Saturday night’s final of the 4×100 relay will most likely be the most watched of all races, as this will determine if Phelps can clinch the gold medal record. It also happens to be one of the most exciting races to watch in swimming: Each swimmer takes 100m of four strokes, leading with the backstroke, followed by the breaststroke, butterfly, and freestyle strokes. In the 2004 games in Athens, the American squad included Peirsol, Hansen, Crocker, and Jason Lezak. An event that America traditionally dominates (the men’s team has never earned less than gold in this race), look for Peirsol (backstroke) and Hansen (breaststroke) to head the first two legs of the race, with Phelps at butterfly, and possibly Lezak swimming the anchor leg of freestyle. The final team roster will be determined later this weekend.
While Phelps is existing quietly in Beijing, preparing for races and doing little else, his celebrity is making its impact felt throughout the American press. In the shadows of his enormous fame are two individuals who have helped him thrive in and out of the lane — his mother, Debbie, and his coach, Bob Bowman. Debbie Phelps raised Michael and his sisters on her own after her divorce. While Phelps is close with his mother and sisters, he is not close with his father.
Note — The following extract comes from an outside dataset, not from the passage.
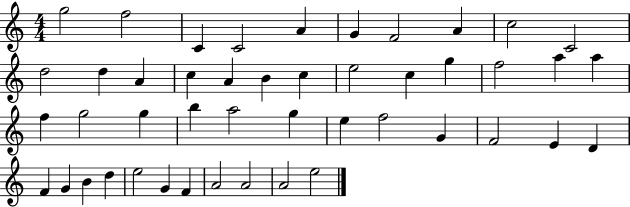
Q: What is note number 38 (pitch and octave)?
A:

Phelps’s complex relationship with his longtime coach is legendary, beginning when he was only 11 years old. The two were matched in 1997, when Phelps was assigned to Bowman’s group at the North Baltimore Aquatic Club.
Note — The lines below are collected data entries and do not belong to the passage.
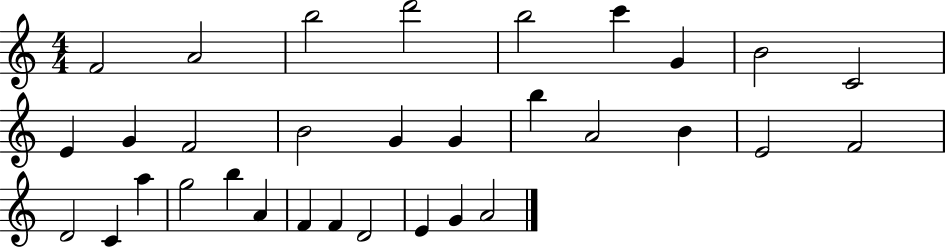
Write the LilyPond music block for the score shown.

{
  \clef treble
  \numericTimeSignature
  \time 4/4
  \key c \major
  f'2 a'2 | b''2 d'''2 | b''2 c'''4 g'4 | b'2 c'2 | \break e'4 g'4 f'2 | b'2 g'4 g'4 | b''4 a'2 b'4 | e'2 f'2 | \break d'2 c'4 a''4 | g''2 b''4 a'4 | f'4 f'4 d'2 | e'4 g'4 a'2 | \break \bar "|."
} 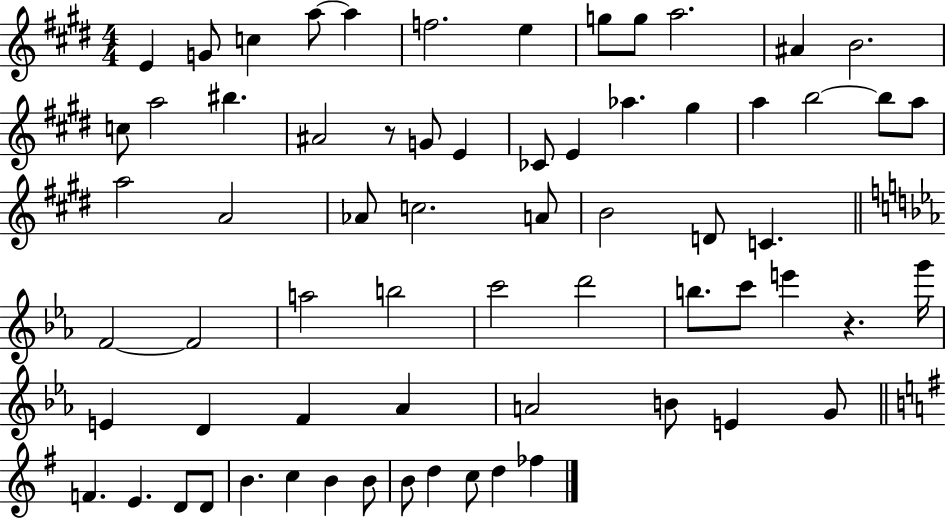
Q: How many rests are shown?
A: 2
Bowman has compared the relationship to that of an old married couple at times. “When we started, it was just Michael and me. I was his coach, his guardian, his friend,” Bowman said in an interview with USA Swimming in 2007. “We’ve had a decade together, and there’s been some incredible things we’ve been through. We’ve been through a lot of different things that most families and married couples haven’t even been through.”
The two know each other so well that Bowman said they often communicate without speaking. “We talk by signals at times,” Bowman laughed. “We can just tell what each other thinks.”
Their relationship was played out in the 2005 documentary “Unfiltered,” where Bowman is seen snapping at his pupil, who responds by taking off his swim cap and leaving the pool — but all is forgotten later that day.
The coach and swimmer are already looking to the 2012 Olympic Games in London. In the meantime, the world holds its breath to see whether Phelps will take home eight gold medals.
Ms. Wu is a contributing writer for Swimmer magazine.